Rubber Imports by India Jumping 38% to Record as Shortage WidensSwansy Afonso
Natural rubber imports by India, the world’s third-largest consumer, will probably climb to a record as production trails demand and automobile sales rebound on tax cuts, according to the nation’s Rubber Board.
Shipments are set to jump to 300,000 metric tons in the financial year ending March 31, surging at least 38 percent from 217,364 tons a year earlier, Sheela Thomas, chairman of the board, said in an interview at an industry conference in the southern city of Kochi today. Imports may drop to 200,000 tons in 2014-2015 because of rising output and an increase in the import tax, she said.
India, the third-largest economy in Asia, cut the excise duty on small cars and sports utility vehicles this week to reverse a slowdown in sales amid the slowest growth in a decade. Tire makers including MRF Ltd., Apollo Tyres Ltd. and Ceat Ltd. boosted shipments to benefit from a bear market in rubber, prompting the government to increase the import tax in December.
“The auto industry has shown a marginal recovery in the last quarter of 2013 and with the excise duty cut announced, we hope it may improve further,” said Thomas. “The replacement tire sector will be the key driver for consumption.”
Finance Minister Palaniappan Chidambaram on Feb. 17 cut the excise duty on small cars to 8 percent from 12 percent and on SUVs to 24 percent from 30 percent. Rubber imports jumped 41 percent to 279,627 tons between April and January from a year earlier, according to data from the state-run board. The import estimate for 2014-2015 is subject to revision, Thomas said.
“Huge amount of imports are still coming in and imports in the next fiscal year may be similar to this year’s level,” said Santosh Kumar, vice president for rubber at Harrisons Malayalam Ltd. “India is getting stuck because of its production constraints and will need to import rubber.”
Futures on the Tokyo Commodity Exchange, the international benchmark price, will drop as much as 15 percent to 200 yen a kilogram ($1,956 a ton) in 2014 from yesterday’s settlement, according to the median of 15 estimates compiled by Bloomberg. That’s 63 percent below the record high set in 2011. The contract for delivery in July traded at 227.50 yen today.
The consumption will climb 4.1 percent to 1.01 million tons in 2014-2015 from this year driven by tire replacement demand, said Thomas. The nation’s automobile market, which consumes 65 percent of the rubber, doubled in size from 2008 to 2011, according to Bloomberg Industries data. The country imports mainly from Thailand, Malaysia and Indonesia.

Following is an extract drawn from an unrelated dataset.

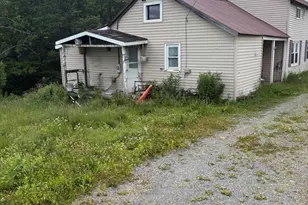 274 Hellmers Hill Rd, Equinunk, PA 18417 - Photo 2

Production may increase 12 percent to 950,000 tons if the weather remains normal and more trees begin producing latex, said Thomas. Heavy monsoon rains in July and August last year disrupted tapping and led to some pest attacks, cutting output this year, she said. Production fell 9 percent to 723,000 tons in the 10 months through January, while consumption slid 1 percent to 811,110 tons, board data show.